そんな伊藤も当然のように移籍市場の話題に。夏にはアヤックスへの移籍が頻繁に騒がれていたが、最近ではアンジェ・ポステコグルー監督率いるトッテナムの関心も伝えられている。8月にはシュトゥットガルトと2027年までの新契約を結んだものの、ドイツ『スカイ』は3000万ユーロ(約48億円)の契約解除条項が存在すると報道。直近のパフォーマンスと24歳という年齢を考えれば、プレミアリーグのビッグクラブにとっては全く問題とならない金額でもある。
噂されるトッテナムは、今季ヴォルフスブルクから加わったミッキー・ファン・デ・フェンとクリスティアン・ロメロがセンターバックとして抜群の関係を築いているが、前者は怪我で長期離脱中であり、後者は頻繁に出場停止処分を受けている。
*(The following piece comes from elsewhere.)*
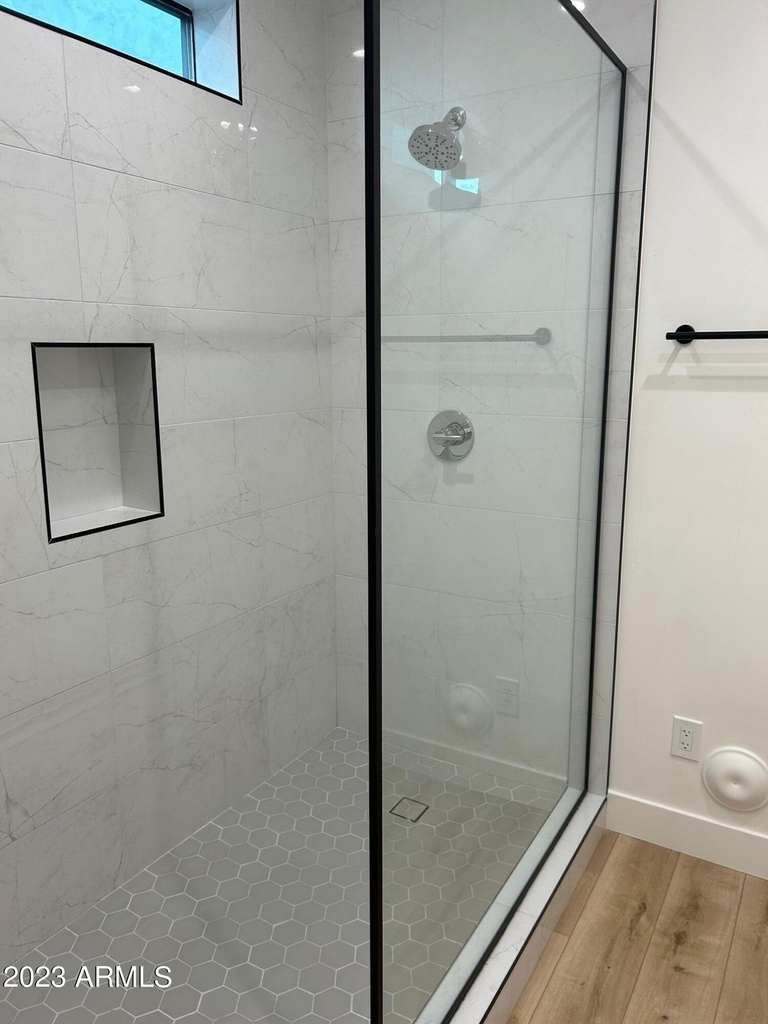 302 W Culver Street - Photo 12
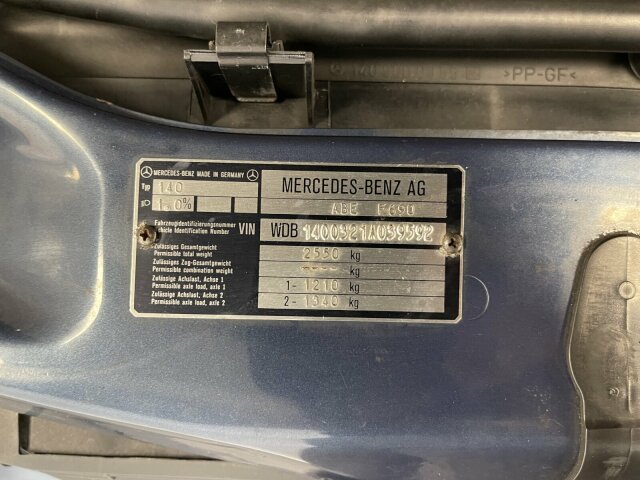 Mercedes-Benz S 320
控え選手の層も薄く、補強ポジションとは合致する。さらに“偽サイドバック”的な特殊な動きも、伊藤のフィジカル能力と戦術理解度があれば適応は問題ないだろう。アーセナルにおける冨安健洋のように、幅広いタスクでの活躍を想像するのは簡単だ。シュトゥットガルトがシーズン中に絶対的な主力を放出することはないだろうが、来夏の移籍市場でより大きなビッグクラブへと飛躍する可能性は十分にある。そして、それを期待させるだけのパフォーマンスを続けているのも確かだ。